** Opening Materials provided block **

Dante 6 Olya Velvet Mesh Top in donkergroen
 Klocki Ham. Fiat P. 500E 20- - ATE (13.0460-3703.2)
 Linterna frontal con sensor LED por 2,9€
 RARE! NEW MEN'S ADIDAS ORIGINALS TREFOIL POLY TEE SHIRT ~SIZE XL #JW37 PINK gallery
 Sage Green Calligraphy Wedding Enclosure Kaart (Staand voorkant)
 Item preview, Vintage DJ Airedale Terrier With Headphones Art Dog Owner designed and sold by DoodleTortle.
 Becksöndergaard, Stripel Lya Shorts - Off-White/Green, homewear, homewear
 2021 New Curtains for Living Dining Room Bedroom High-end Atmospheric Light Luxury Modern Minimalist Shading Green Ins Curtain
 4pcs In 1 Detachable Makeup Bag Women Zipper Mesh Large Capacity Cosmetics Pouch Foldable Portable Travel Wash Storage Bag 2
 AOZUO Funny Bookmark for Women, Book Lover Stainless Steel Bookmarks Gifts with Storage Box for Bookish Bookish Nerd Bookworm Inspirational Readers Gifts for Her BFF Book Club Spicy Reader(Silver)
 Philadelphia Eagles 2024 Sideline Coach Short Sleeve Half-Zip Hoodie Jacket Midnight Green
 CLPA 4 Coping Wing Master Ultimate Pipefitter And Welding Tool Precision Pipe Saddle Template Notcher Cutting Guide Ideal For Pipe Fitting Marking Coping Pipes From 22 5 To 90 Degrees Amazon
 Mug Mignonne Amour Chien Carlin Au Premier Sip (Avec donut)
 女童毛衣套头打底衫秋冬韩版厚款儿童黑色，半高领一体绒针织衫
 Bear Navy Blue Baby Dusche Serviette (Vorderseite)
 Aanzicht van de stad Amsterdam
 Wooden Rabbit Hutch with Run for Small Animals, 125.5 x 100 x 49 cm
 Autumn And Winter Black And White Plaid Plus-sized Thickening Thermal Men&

** Closing Materials provided block **

Work order: All lines containing "Storage" in the material above should appear in your reply, copied exactly.

Answer box:
 4pcs In 1 Detachable Makeup Bag Women Zipper Mesh Large Capacity Cosmetics Pouch Foldable Portable Travel Wash Storage Bag 2
 AOZUO Funny Bookmark for Women, Book Lover Stainless Steel Bookmarks Gifts with Storage Box for Bookish Bookish Nerd Bookworm Inspirational Readers Gifts for Her BFF Book Club Spicy Reader(Silver)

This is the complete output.